I got some rusting on front of the trailer (on frame). So my question is how to deal with it? I was told I have to re-paint whole trailer, but everything else is in good shape, so I don't feel like re-painting it (will be expensive too).


----------



## dragy (Jun 30, 2010)

how big of a spot? and how far rusted is it? Like is almost rusted all the way through? or is it just surface rust? Is it on the frame only, or is it on the metal sheeting too?


----------



## kitten_Val (Apr 25, 2007)

dragy said:


> how big of a spot? and how far rusted is it?
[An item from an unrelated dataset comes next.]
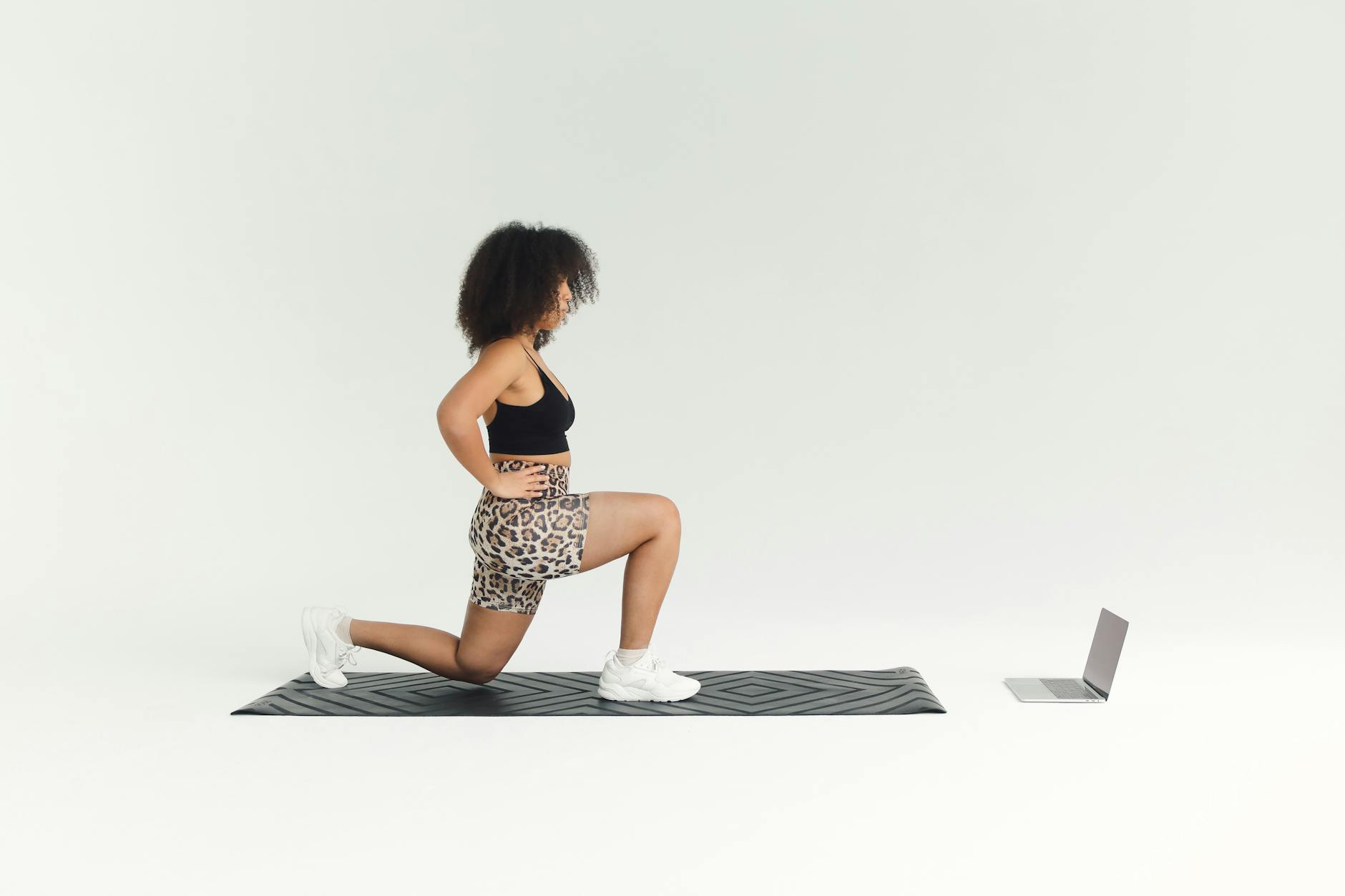 A woman doing a lunge exercise indoors with a laptop for guidance. - hiit cardio workout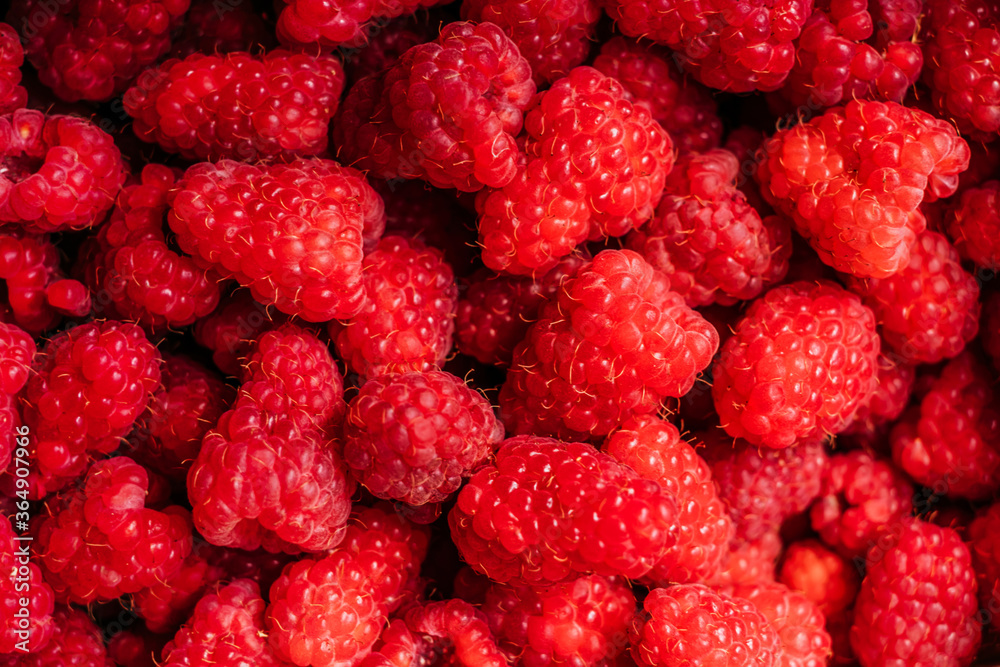 Close up texture background of raspberry berries Close up texture background of raspberry berries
Like is almost rusted all the way through? or is it just surface rust? Is it on the frame only, or is it on the metal sheeting too?


It's just a surface. Some on frame and some on sides. Not really huge spots - may be the size of the palm at the most.


----------



## Saddlebag (Jan 17, 2011)

Take a wire brush to those areas, wipe with paint thinner to clean and paint with Tremclad or Rustoleum. Don't get water base, you need the oil base. Both use fish oil which is excellent for inhibiting rust.


----------



## kitten_Val (Apr 25, 2007)

Saddlebag said:


> Take a wire brush to those areas, wipe with paint thinner to clean and paint with Tremclad or Rustoleum. Don't get water base, you need the oil base. Both use fish oil which is excellent for inhibiting rust.


Thank you! Will do when it'll be little more warm here.


----------